Soroti KUA-PPAS, Gubernur: Jangan Karena Pencitraan

gubernur

PALU, MERCUSUAR – Gubernur Sulawesi Tengah, Longki Djanggola menegaskan, Kebijakan Umum Anggaran dan Plafon Prioritas Anggaran Sementara (KUA-PPAS) Sulawesi Tengah melalui Sekertaris Daerah Provinsi harus betul-betul dimaknai. Kalau memaknai kebijakan umum anggaran baru kebijakan umum.

“Artinya kebijakan sementara, yang digambarkan dalam narasi – narasi itu baru kebijakan umum. Apa – apa yang dikerja sesuai dengan RPJMD. Itu pertama, payungnya RPJMD,” jelas Longki di Palu, Selasa (1/9/2020).

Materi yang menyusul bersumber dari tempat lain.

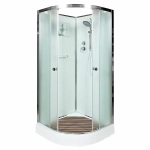 Душевая кабина DTO D08 80х80 без крыши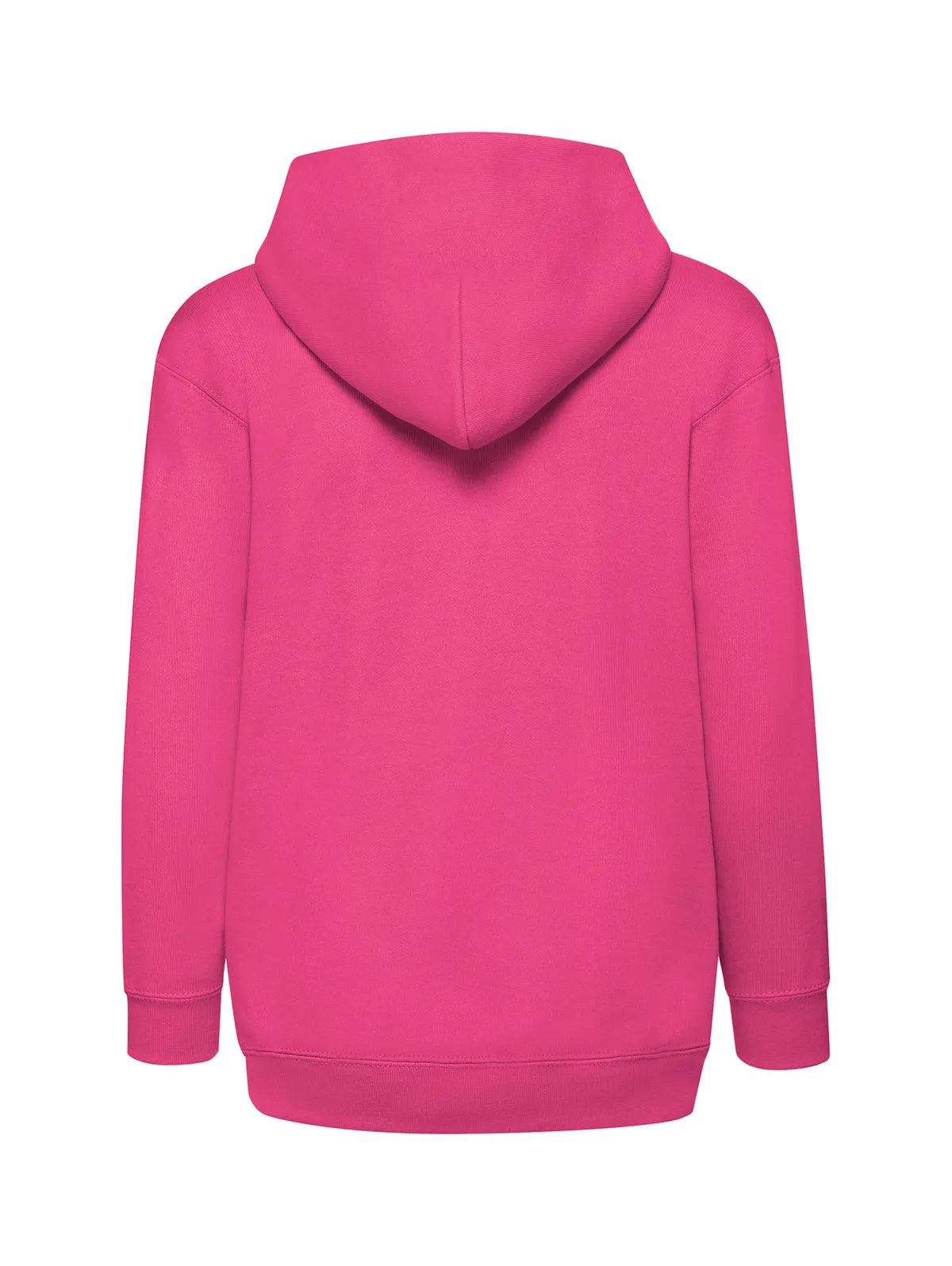 Kids Hooded Sweat Jacket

Kemudian menurutnya, Rencana Kerja Pemerintah Daerah (RKPD), dari situ dilanjut dengan ‘breakdown’ menyusun KUA-PPAS tersebut. KUA-PPAS tidak boleh menyimpang dari RPJMD.

“Jadi penyusunan itu sudah ada patron – patronnya yang harus dilakukan oleh pemda untuk sejumlah sektor. Seperti sektor pemberdayaan ekonomi, sektor pendidikan, dan sektor kesehatan. Bahkan penyusunan anggaran tersebut sudah ada porsinya,” tegas Longki.

Misalnya contoh, sektor pendidikan tidak boleh kurang dari 20 persen. Di situ gambarannya. Sektor kesehatan paling kurang 10 persen.

Ia menegaskan KUA – PPAS itu meliputi sektor apa saja yang ada persentasenya, dan itu dimuat dalam KUA-PPAS tapi belum dirinci. Salah satunya di sektor pendidikan apa saja yang menjadi kewenangan provinsi, seperti SMA sederajat yang akan dibiayai pemerintah provinsi.

“Misalnya SMA 1 berapa, SMA 3 berapa? Itu belum dirinci di situ, tetapi masih cerita makro. Saya 9 kali mengajukan KUA-PPAS, 7 kali dapat WTP,” ujar Gubernur Longki.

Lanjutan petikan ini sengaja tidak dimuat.